---- DATA TO PROCESS

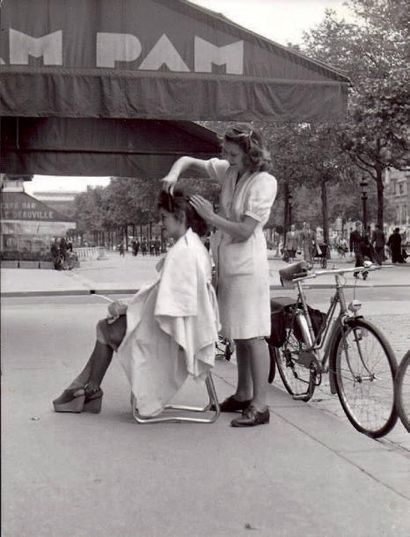 Robert Doisneau (1912-1994) Séance de coiffure sous l'occupation, Paris (1939-1945)....
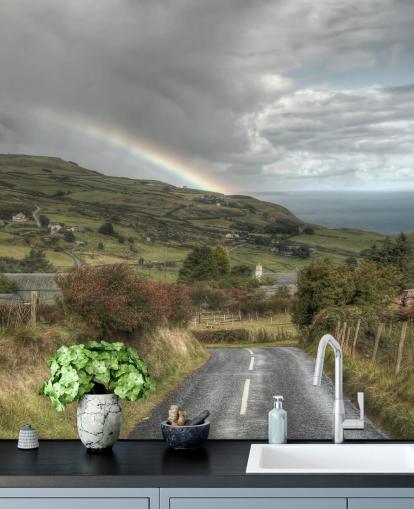 Stormachtige regenboog in landelijke muurschildering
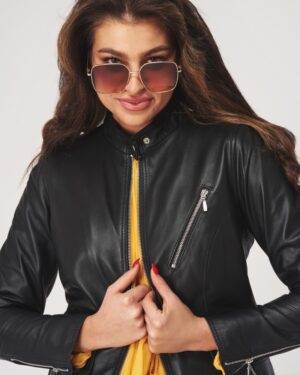 Kurtka skórzana damska w kolorze czarnym z zamkiem i kieszeniami, idealna na zimowe dni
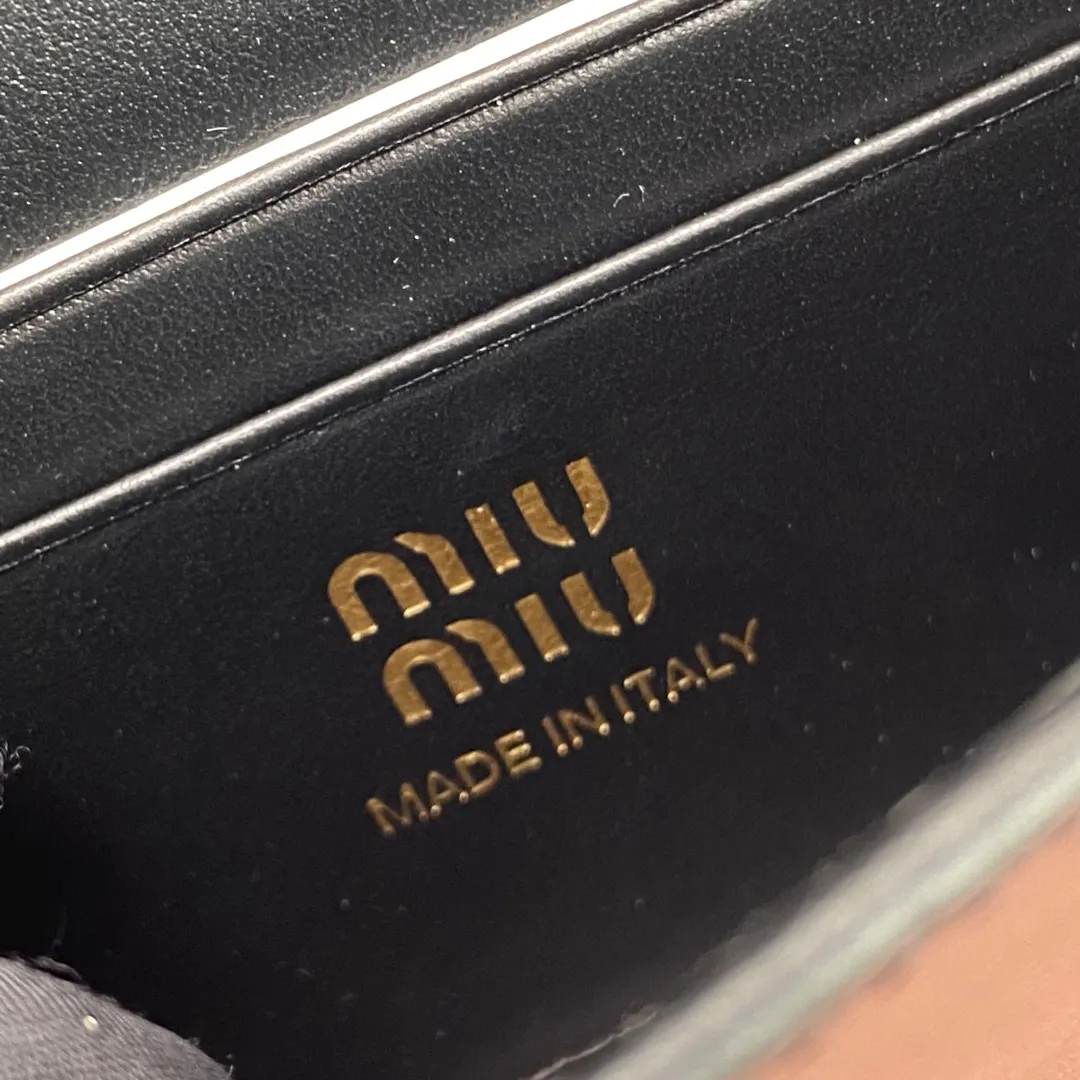 [Special grade hardware original leather] ¥560 ~ Black imported cowhide card bag - Snap button closure - Metal letter logo - 2 card slots - Lined Size: w8.5×h10.2×2cm No.: 5M104_ MM0220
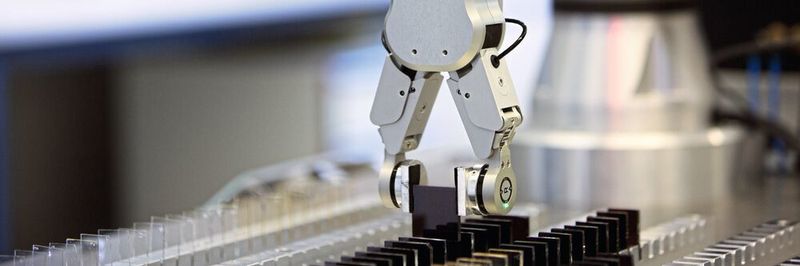Der RG2-FT-Greifer von OnRobot verfügt über integrierte Sensorik in seinen Fingerspitzen. Dadurch kann er seinen Kraftaufwand präzise dosieren und Aufgaben übernehmen, die bislang menschliches Fingerspitzengefühl erforderten.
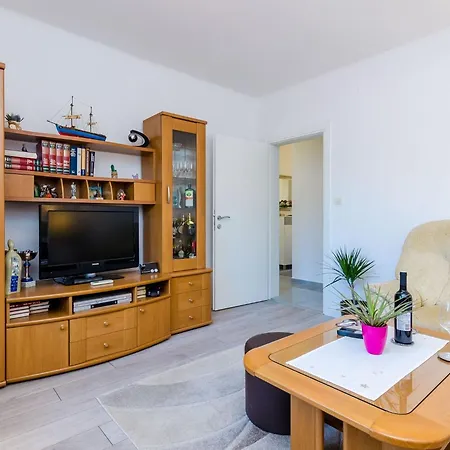 Veronika - One Bedroom With Terrace Апартаменты Дубровник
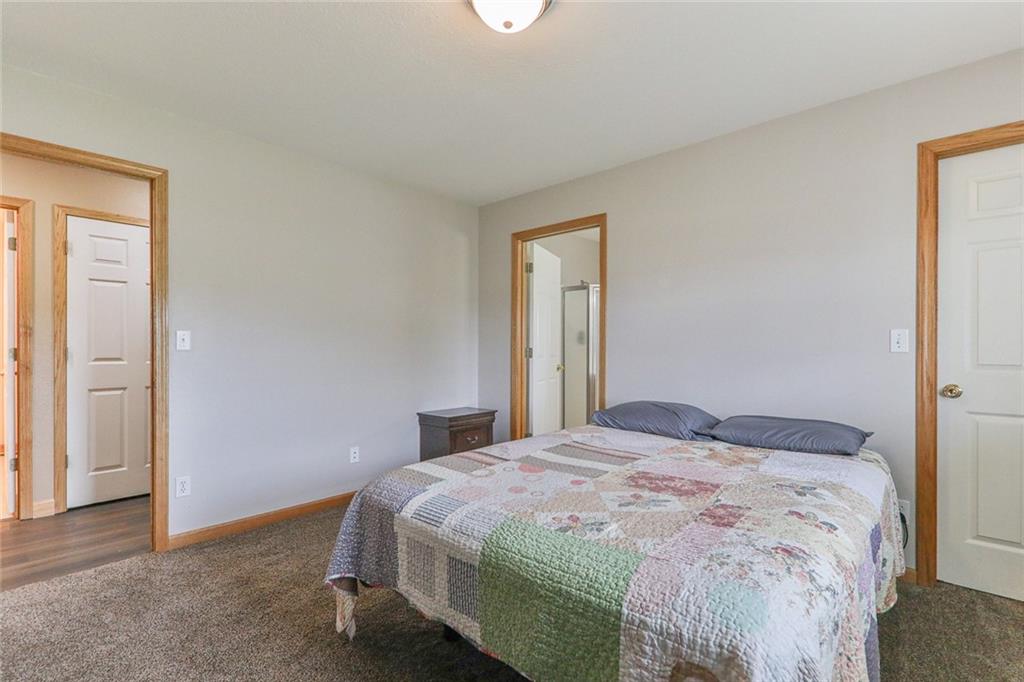 1003 South Ridgeway Street Caney, KS 67333 - Photo 9 of 19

--------

WHAT TO PRODUCE – Transcribe the records above exactly, leaving out every picture.

YOUR SOLUTION –
 Robert Doisneau (1912-1994) Séance de coiffure sous l'occupation, Paris (1939-1945)....
 Stormachtige regenboog in landelijke muurschildering
 Kurtka skórzana damska w kolorze czarnym z zamkiem i kieszeniami, idealna na zimowe dni
 [Special grade hardware original leather] ¥560 ~ Black imported cowhide card bag - Snap button closure - Metal letter logo - 2 card slots - Lined Size: w8.5×h10.2×2cm No.: 5M104_ MM0220
Der RG2-FT-Greifer von OnRobot verfügt über integrierte Sensorik in seinen Fingerspitzen. Dadurch kann er seinen Kraftaufwand präzise dosieren und Aufgaben übernehmen, die bislang menschliches Fingerspitzengefühl erforderten.
 Veronika - One Bedroom With Terrace Апартаменты Дубровник
 1003 South Ridgeway Street Caney, KS 67333 - Photo 9 of 19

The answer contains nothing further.